• BRIEF
When you reach the line in the data below that contains "Alessi Nunziatella ESI23", please start repeating lines exactly, and stop after the line that contains "SpongeBob SquarePants with", repeating nothing else.

• SUPPLIED DATA

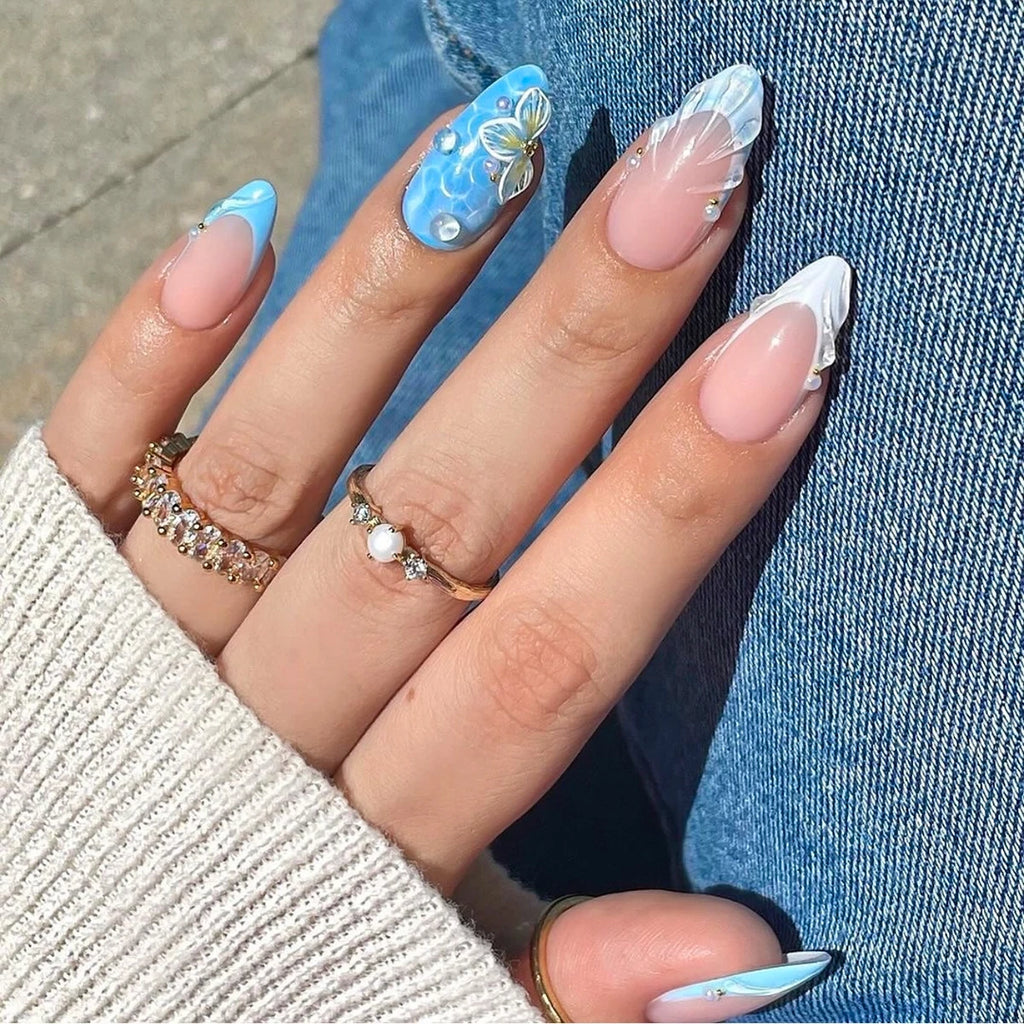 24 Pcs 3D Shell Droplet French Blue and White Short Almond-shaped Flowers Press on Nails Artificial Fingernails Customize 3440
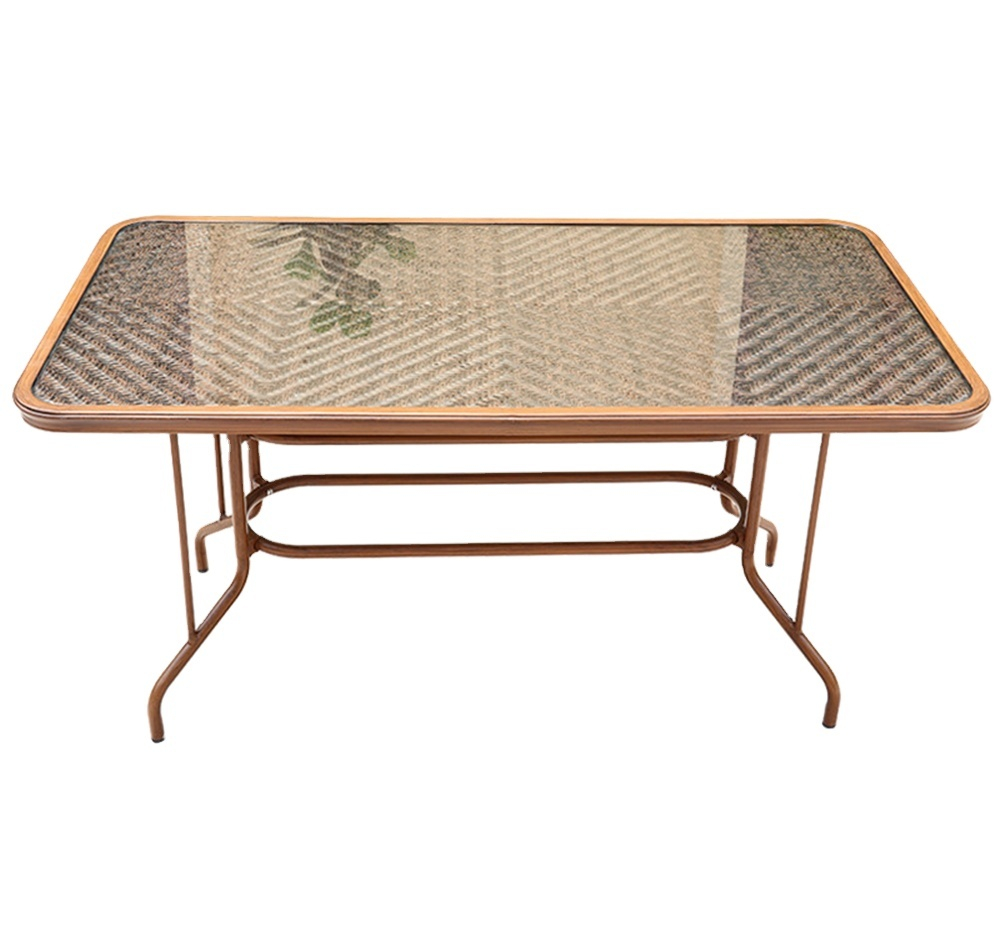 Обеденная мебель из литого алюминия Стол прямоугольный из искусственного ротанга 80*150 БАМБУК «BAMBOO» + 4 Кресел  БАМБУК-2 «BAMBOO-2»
==
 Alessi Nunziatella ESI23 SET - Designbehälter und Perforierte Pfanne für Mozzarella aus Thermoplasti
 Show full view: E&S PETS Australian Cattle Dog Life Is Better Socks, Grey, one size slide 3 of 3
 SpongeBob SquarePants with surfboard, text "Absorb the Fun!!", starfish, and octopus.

• COMPLETED EXERCISE
 Alessi Nunziatella ESI23 SET - Designbehälter und Perforierte Pfanne für Mozzarella aus Thermoplasti
 Show full view: E&S PETS Australian Cattle Dog Life Is Better Socks, Grey, one size slide 3 of 3
 SpongeBob SquarePants with surfboard, text "Absorb the Fun!!", starfish, and octopus.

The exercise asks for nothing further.